As multimodal reasoning improves the overall capabilities of Large Vision Language Models (LVLMs), recent studies have begun to explore safety-oriented reasoning, aiming to enhance safety awareness by analyzing potential safety risks during the reasoning process before generating the final response. Although such approaches improve safety awareness and interpretability, this single-pass think-then-answer paradigm remains vulnerable to contextual or visual jailbreak attacks. This reveals a critical flaw: single-pass reasoning may overlook explicit harmful content in its own output. Our key insight is to exploit this wasted signal through reflection, which can effectively leverage the malicious content revealed in the first-pass reasoning to enable genuine self-correction and prevent unsafe generations. Motivated by this, we propose Think-Reflect-Revise (TRR), a three-stage training framework designed to enhance the safety alignment of LVLMs through policy-guided self-reflection. We first build a Reflective Safety Reasoning (ReSafe) dataset with 5,000 examples that follow a think-reflect-revise process. We then fine-tune the target model using the ReSafe dataset to initialize reflective behavior, and finally reinforce policy-guided reflection through reinforcement learning. Experimental results show that TRR substantially improves the safety performance of LVLMs across both safety-awareness benchmarks and jailbreak attack evaluations, increasing the overall safe response rate from 42.8% to 87.7% on Qwen2.5-VL-7B, while preserving stable performance on general benchmarks such as MMMU and MMStar. The project page is available at https://think-reflect-revise.github.io/.

Paper Structure

This paper contains 23 sections, 7 equations, 4 figures, 3 tables.

Figures (4)

  • Figure 1: Comparison of the responses produced by SafeWork-R1-7B and Qwen2.5-VL-7B trained with our Think-Reflect-Revise when subjected to the MML-Mirror jailbreak attack. MML-Mirror embeds harmful intent by first encoding malicious queries into images through typographic rendering, then mirroring the images to obscure the harmful content. The attack is further contextualized within a fictional game development scenario, prompting the model to complete the visual content in a manner aligned with the villain’s objectives.
  • Figure 2: Overview of Think-Reflect-Revise (TRR).
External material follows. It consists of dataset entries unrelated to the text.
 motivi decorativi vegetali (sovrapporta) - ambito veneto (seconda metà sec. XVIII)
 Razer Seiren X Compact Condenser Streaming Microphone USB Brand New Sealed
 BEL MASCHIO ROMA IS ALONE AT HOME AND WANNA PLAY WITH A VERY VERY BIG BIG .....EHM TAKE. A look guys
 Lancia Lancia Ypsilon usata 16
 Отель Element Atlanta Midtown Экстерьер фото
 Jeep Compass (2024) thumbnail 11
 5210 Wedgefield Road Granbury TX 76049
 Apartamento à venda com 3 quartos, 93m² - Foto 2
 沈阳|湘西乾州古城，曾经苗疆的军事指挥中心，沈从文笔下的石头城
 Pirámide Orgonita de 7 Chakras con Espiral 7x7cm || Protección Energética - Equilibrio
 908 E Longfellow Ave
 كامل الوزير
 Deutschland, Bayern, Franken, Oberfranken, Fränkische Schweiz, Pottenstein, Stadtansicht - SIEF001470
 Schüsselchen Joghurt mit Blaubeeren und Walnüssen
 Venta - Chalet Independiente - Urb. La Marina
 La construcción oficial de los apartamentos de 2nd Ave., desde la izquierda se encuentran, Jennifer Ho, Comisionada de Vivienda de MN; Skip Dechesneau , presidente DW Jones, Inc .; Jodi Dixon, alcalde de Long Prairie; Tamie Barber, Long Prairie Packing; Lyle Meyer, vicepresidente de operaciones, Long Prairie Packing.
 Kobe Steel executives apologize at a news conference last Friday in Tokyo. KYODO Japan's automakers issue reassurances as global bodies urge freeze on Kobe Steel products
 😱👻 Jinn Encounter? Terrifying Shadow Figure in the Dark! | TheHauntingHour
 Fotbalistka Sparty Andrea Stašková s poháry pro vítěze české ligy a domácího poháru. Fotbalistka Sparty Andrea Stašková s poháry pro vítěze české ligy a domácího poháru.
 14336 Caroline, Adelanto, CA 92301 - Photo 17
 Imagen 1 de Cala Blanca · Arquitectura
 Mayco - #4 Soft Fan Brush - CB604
TRR comprises three stages: (1) ReSafe Dataset Construction, in which we construct a dataset of think-reflect-revise examples. (2) Reflective Behavior Initialization, where the target model is fine-tuned to initialize reflective reasoning; and (3) Reflective Behavior Enhancement, in which we further strengthen the reflective behavior through reinforcement learning.
  • Figure 3: Ablation study on safety training stages of TRR.
  • Figure 4: Improvement in safe rate across safety categories of MML-M attack after self-reflection of Qwen2.5-VL-7B trained with TRR.